L’agonia della Striscia rimasta senza elettricità

Entro pochi giorni finirà anche il carburante che alimenta i generatori. Ma come si è arrivati a questo punto?

L’agonia della Striscia rimasta senza elettricità

Sono sempre più drammatiche le notizie e le immagini che arrivano dal piccolo lembo di territorio palestinese, chiuso da ogni punto e sotto un violento bombardamento israeliano. Interi quartieri sono ridotti in macerie. I prossimi giorni si annunciano ancora più duri per la popolazione senza elettricità dopo lo spegnimento dell’unica centrale elettrica di Gaza rimasta senza carburante.

A Gaza non hanno le sirene, le bombe sganciate dai jet da combattimento israeliani cadono all’improvviso sui palazzi, nelle strade, tra gli abitanti che si muovono tra le macerie. I morti palestinesi salgono (a 1200) e continueranno a salire. Tra questi anche nove palestinesi dipendenti dell’Unrwa, l’agenzia dell’Onu che assiste i profughi palestinesi. Morti anche quattro paramedici, colpiti mentre sulle loro ambulanze cercavano di portare soccorso ai feriti. Gli ospedali operano con i generatori ma non dureranno molto. Nei prossimi giorni si teme possano diffondersi malattie ed epidemie a causa dell’interruzione della corrente elettrica che blocca il pompaggio delle acque reflue.

Il premier israeliano Netanyahu e l’ex ministro della Difesa Benny Gantz hanno intanto deciso di formare un governo d’emergenza nazionale. In realtà è un gabinetto di guerra ristretto che esisterà con l’unico compito di attaccare Gaza e Hamas che sabato scorso ha fatto 1.200 morti israeliani.

Orrore su orrore in un’escalation di violenza e di morte che in Israele e a Gaza sembra inarrestabile. Ogni eccesso, da qualunque parte, potrebbe essere irreversibile e scatenare un effetto domino dalle conseguenze incontrollabili su ciò che resta dell’ordine geopolitico.

Ma come si è arrivati a questo punto? Ora tutti sanno che la decisione di provare ad estendere gli Accordi di Abramo all’Arabia Saudita è stato un azzardo. La mossa avrebbe dovuto normalizzare i rapporti diplomatici tra Riad e Tel Aviv, come già avvenuto per Emirati Arabi e Bahrain, sotto l’egida degli Stati Uniti. L’errore fatale è stato quello di non coinvolgere, al momento dell’apertura a Riad, anche i palestinesi, i quali si sono sentiti venduti e traditi dai fratelli sauditi per due soldi.

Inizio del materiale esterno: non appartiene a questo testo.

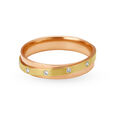 Interlinked 4 Stone Diamond Ring,,hi-res 2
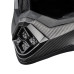Шолом для мотокросу W-TEC Crosscomp чорний XL (61-62)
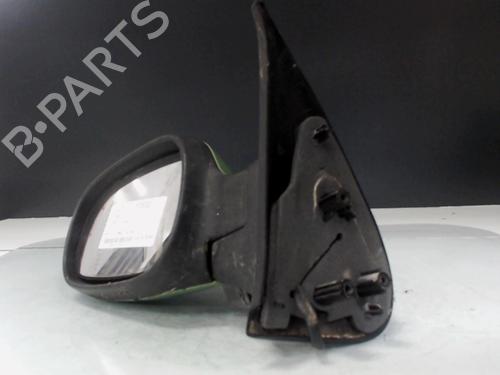 Left mirror NISSAN MICRA III (K12) 1.2 16V | BP22814711C26 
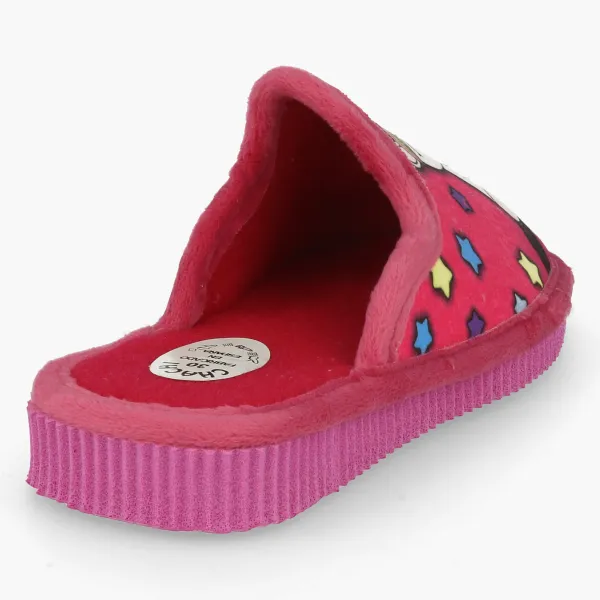 ZAPATILLAS DE CASA NIÑA MOD. UNICORNIO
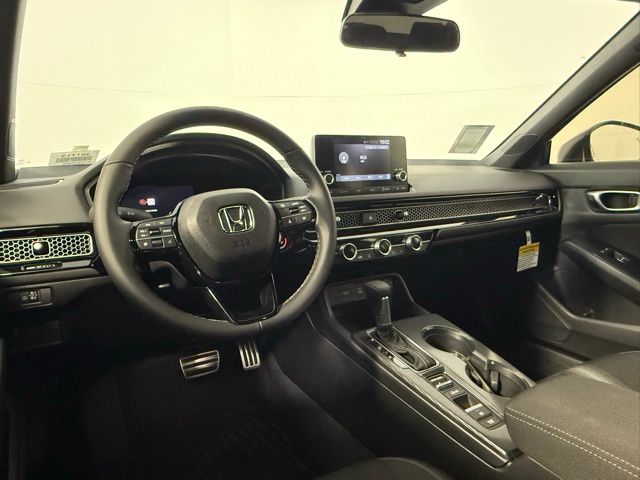 2026 Honda Civic Hatchback Sport - Photo 39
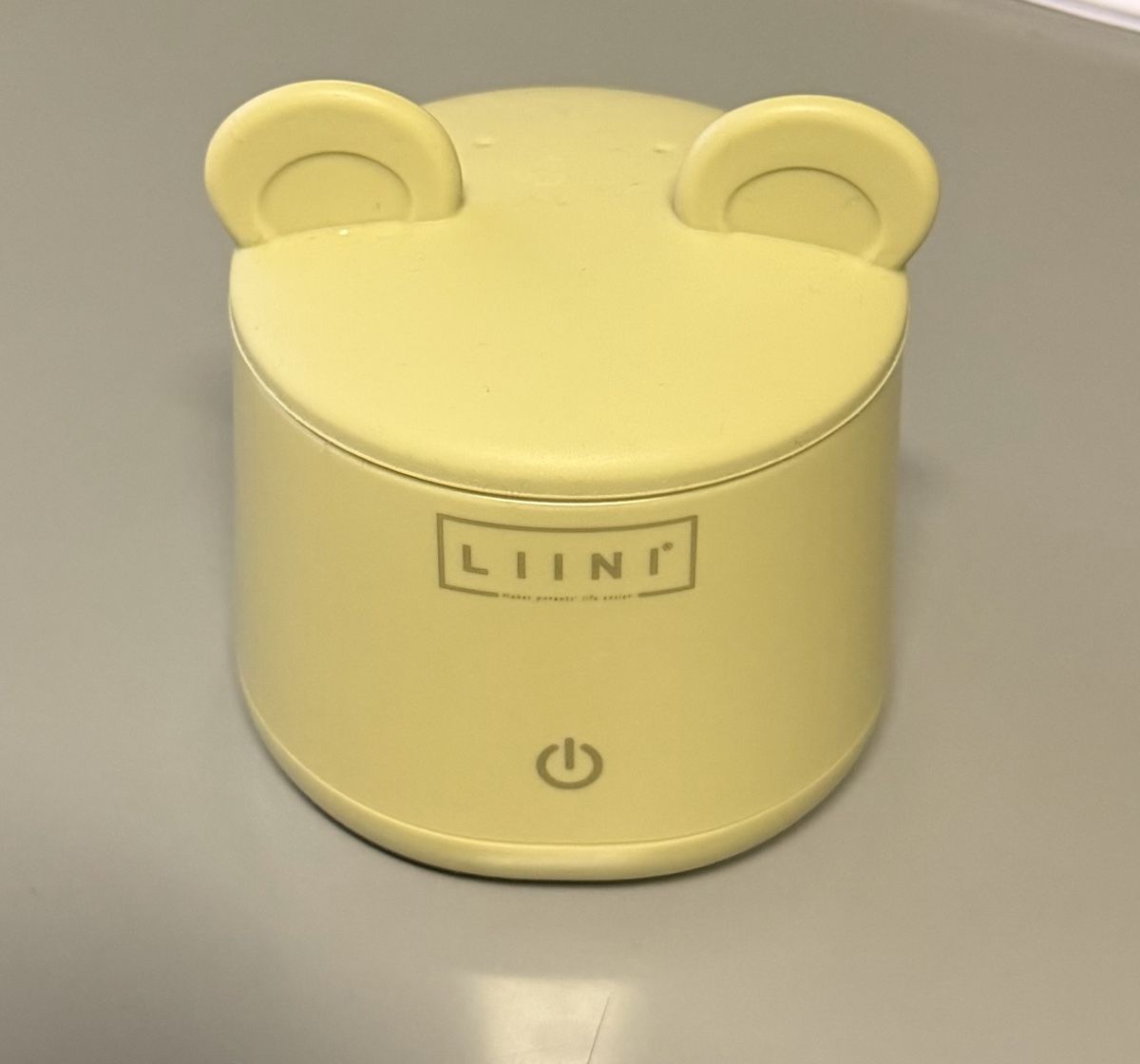 Liini Baby-Mahlzeiten: Liini Schoppenwärmer 2.0  – Gebraucht aus Berneck von inamoktal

Una delusione che ha indotto i vertici di Hamas a ritenere di non poter più contare sul sostegno del regno di Bin Salman e di doversi guardare attorno in cerca di nuovi potenziali alleati. E così, il gruppo terrorista (di fede sunnita) ha messo da parte la distanza dottrinale che lo separa dall’Iran sciita per cercare il sostegno e il supporto logistico-tecnologico di Teheran. Probabilmente, trovandolo.

Gli Usa, tuttavia, negano che questa notizia sia autentica. Occorre, però, dire che Washington (sebbene Teheran sia uno storico nemico) non vede di buon occhio la crescente contiguità tra Iran, Cina e Russia. In tale contesto, si inserisce anche il ruolo del Qatar (importante fornitore di gas all’Italia) che mantiene i palestinesi di Gaza e finanzia Hamas.